Child Acting Out of Character? Reversal theory could be at play.As a parent, have you ever felt this way about your kids? The “Jekyll” child you’re used to around the house suddenly becomes Hyde and turns the whole household dynamic on its ear for awhile. Or you sit down at a parent-teacher conference to think the teacher must have the wrong file in front of her, because it certainly doesn’t seem like she’s describing your child. At least, not the child you live with.

Chances are, if your child is acting out of character, there’s something called reversal theory at play. For me, this is one of the most interesting aspects of personality type theory. When people—especially kids—get stressed out, they literally “flip out” from a temperament perspective. For instance, if your child is really anxious about something, instead of being the analytical kid you know and love that sees decisions in black-and-white, the landscape will become a gray area and he’ll be overly emotional and sensitive. Or your intuitive daughter will go from seeing the broad strokes of life like an impressionist painter to craving the super sensory that keeps her purely in the moment—whether it be rubbing a favorite blanket or being overly sensitive to fabrics and clothing tags or wanting to devour everything sweet in the house.

Here are the most common ways that the different personality types react to situations under “normal” circumstances and under stress:

Personality Type “Normal” Motto But Under Stress…
Extraverted Feeler Talkative – “Why Compete When You Could Cooperate?” Fault-Finding Perfectionist – extremely critical of self and others
Extraverted Intuitive Future focused – “Don’t Fence Me In” Control Freak – focused on minor details in the present
Extraverted Sensor Present focused – “Don’t Worry – Be Happy!” Chicken Little – the end is near! Disaster ahead!
Extraverted Thinker Talkative – “Be All That You Can Be” Tormented Soul – focused on how people feel about him
Introverted Feeler Reflective – “It’s What’s Inside That Counts” Coldhearted Critic —focused on everyone else’s problems
Introverted Intuitive Future focused – “The Purpose of Life is a Life of Purpose” Sensory Overload – all I care about is what feels good right now
Introverted Sensor Present focused – “Why Reinvent the Wheel? Just Make it Better!” Drama Queen – nothing is now or will ever be good enough
Introverted Thinker Reflective – “Think Different” Emotional Wreck – overly sensitive – need to know you love them

 

You’ll notice in this chart that the thinkers and feelers tend to pendulum swing MOST in the area of extraversion or introversion. So, often the sign of stress in these kids can manifest as talkative kids withdrawing or reflective kids talking a mile a minute.

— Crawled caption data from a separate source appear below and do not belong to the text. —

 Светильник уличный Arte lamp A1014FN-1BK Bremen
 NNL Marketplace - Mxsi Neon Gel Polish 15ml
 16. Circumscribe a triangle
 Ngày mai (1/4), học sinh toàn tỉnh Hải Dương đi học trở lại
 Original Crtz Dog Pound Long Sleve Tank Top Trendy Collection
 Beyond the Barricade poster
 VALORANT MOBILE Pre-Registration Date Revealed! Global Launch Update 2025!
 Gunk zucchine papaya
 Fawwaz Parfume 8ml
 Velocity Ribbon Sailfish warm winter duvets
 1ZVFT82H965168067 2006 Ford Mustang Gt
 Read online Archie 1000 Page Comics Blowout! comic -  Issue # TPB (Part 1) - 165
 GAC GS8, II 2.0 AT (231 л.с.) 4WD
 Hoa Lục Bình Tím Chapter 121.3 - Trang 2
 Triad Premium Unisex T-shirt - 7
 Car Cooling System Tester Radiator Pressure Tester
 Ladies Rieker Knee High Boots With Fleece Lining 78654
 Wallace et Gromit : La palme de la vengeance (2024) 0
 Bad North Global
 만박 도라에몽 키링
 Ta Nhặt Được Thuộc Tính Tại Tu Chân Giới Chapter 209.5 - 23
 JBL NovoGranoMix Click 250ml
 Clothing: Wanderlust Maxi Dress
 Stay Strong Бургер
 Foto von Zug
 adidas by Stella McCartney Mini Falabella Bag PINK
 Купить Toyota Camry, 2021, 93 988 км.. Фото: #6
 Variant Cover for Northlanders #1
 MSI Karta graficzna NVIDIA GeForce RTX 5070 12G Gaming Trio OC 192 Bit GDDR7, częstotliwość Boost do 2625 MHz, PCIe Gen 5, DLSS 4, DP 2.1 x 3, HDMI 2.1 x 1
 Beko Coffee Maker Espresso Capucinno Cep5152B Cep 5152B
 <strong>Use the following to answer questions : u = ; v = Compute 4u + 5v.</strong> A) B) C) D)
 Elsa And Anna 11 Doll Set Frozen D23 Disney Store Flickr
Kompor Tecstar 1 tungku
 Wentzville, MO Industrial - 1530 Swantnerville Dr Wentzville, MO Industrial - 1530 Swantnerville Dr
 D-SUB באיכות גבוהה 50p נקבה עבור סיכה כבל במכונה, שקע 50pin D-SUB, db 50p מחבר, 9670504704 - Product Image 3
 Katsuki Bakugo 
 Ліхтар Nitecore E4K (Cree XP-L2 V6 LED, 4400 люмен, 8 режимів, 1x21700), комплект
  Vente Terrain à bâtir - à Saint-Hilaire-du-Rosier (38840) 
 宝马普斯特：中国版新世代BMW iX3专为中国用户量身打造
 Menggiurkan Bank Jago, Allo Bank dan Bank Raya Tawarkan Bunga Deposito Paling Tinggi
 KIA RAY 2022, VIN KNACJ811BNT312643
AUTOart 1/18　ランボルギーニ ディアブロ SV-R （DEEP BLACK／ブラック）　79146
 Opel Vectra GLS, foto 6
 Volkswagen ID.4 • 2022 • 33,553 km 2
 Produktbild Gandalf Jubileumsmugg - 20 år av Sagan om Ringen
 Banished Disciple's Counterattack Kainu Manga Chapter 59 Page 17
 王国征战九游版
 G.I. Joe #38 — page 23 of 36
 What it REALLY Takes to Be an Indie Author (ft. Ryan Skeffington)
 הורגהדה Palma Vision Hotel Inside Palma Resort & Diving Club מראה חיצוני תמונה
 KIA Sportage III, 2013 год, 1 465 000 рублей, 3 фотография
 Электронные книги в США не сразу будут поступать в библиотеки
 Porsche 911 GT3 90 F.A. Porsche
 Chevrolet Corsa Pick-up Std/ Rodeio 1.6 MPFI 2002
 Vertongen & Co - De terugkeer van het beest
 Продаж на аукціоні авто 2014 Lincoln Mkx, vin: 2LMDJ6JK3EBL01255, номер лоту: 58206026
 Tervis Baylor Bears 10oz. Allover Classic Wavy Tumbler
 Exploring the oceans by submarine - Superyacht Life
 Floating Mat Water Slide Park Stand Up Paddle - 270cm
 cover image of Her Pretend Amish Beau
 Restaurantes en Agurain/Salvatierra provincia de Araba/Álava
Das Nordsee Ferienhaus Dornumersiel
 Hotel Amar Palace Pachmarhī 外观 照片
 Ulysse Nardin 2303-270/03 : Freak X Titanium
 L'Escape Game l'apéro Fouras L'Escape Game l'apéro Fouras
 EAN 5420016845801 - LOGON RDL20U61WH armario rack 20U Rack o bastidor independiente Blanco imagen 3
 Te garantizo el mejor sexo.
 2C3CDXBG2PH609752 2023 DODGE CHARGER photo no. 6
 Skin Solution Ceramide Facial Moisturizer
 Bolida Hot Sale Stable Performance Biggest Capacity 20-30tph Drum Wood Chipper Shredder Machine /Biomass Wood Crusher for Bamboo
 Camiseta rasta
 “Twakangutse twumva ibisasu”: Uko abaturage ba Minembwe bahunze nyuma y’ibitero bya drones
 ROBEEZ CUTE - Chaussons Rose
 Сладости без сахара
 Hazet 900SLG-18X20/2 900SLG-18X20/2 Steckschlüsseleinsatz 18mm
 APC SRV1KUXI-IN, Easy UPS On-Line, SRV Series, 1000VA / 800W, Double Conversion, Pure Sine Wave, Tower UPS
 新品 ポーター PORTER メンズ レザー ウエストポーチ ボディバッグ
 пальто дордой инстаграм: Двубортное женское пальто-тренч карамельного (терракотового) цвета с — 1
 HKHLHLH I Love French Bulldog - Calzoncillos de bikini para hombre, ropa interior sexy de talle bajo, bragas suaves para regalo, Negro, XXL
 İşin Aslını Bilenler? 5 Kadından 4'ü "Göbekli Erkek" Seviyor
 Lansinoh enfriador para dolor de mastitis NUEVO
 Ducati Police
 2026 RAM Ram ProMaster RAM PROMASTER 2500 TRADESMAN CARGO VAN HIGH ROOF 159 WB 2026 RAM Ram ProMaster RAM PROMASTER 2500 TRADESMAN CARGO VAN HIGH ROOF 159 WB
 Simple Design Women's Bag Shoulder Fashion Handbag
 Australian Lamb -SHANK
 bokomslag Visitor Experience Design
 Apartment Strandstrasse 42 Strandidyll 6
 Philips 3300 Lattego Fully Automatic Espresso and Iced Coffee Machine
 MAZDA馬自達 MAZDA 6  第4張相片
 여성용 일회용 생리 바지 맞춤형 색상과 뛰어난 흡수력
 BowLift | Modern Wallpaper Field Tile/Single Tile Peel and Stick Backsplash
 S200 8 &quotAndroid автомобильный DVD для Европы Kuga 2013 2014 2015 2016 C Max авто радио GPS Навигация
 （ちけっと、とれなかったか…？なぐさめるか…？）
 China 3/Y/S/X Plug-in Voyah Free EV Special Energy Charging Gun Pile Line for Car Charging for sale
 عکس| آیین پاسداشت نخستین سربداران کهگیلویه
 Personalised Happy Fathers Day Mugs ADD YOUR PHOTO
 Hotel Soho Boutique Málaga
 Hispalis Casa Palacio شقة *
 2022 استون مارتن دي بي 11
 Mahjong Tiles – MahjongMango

For sensing and intuitive kids, however, they pendulum swing MOST in the judging/perceiving aspects of their personalities. Perceiving kids that typically enjoy the journey will crave a game plan and fly into a tizzy if things don’t go according to plan. Judging kids who typically like to reach a conclusion as soon as humanly possible will get nervous about any potential directions they haven’t explored yet and stay in the realm of possibilities much longer than normal.

If your child’s teacher describes a child during your parent-teacher conference that seems completely different than the child you know and love on the home front, take this as a cue that he may be stressed out at school. Instead of accusing him of acting out, being lazy, or not doing his best, take him out for a special one-on-one time. Say something like, “you know, the student that Mr.                 described to me during our conference isn’t the person I know at home. Is something bothering you at school?” Try to get to the root of the problem. It may be anxiety related to his performance in class. It could be a queen bee in the classroom that makes your daughter feel uncomfortable. It may be a general feeling that he’s just not as smart as the other kids.

As soon as you can get to the root of the problem(s), you can become a team and start figuring out a game plan to help her solve her challenges. If it’s a challenge that you never had to deal with as a child, ask permission to recruit another team member that may have better insight into what works and what doesn’t work. If you didn’t experience the same problem as a kid, don’t offer canned suggestions because if the suggestions don’t work, he’s much less likely to come to you for strategies and solutions in the future.

Once the underlying problems are addressed—or, at least, he sees a potential light at the end of the tunnel—chances are good that your child in “Hyde”-ing will return to the kiddo you know and love…both at home and in the classroom.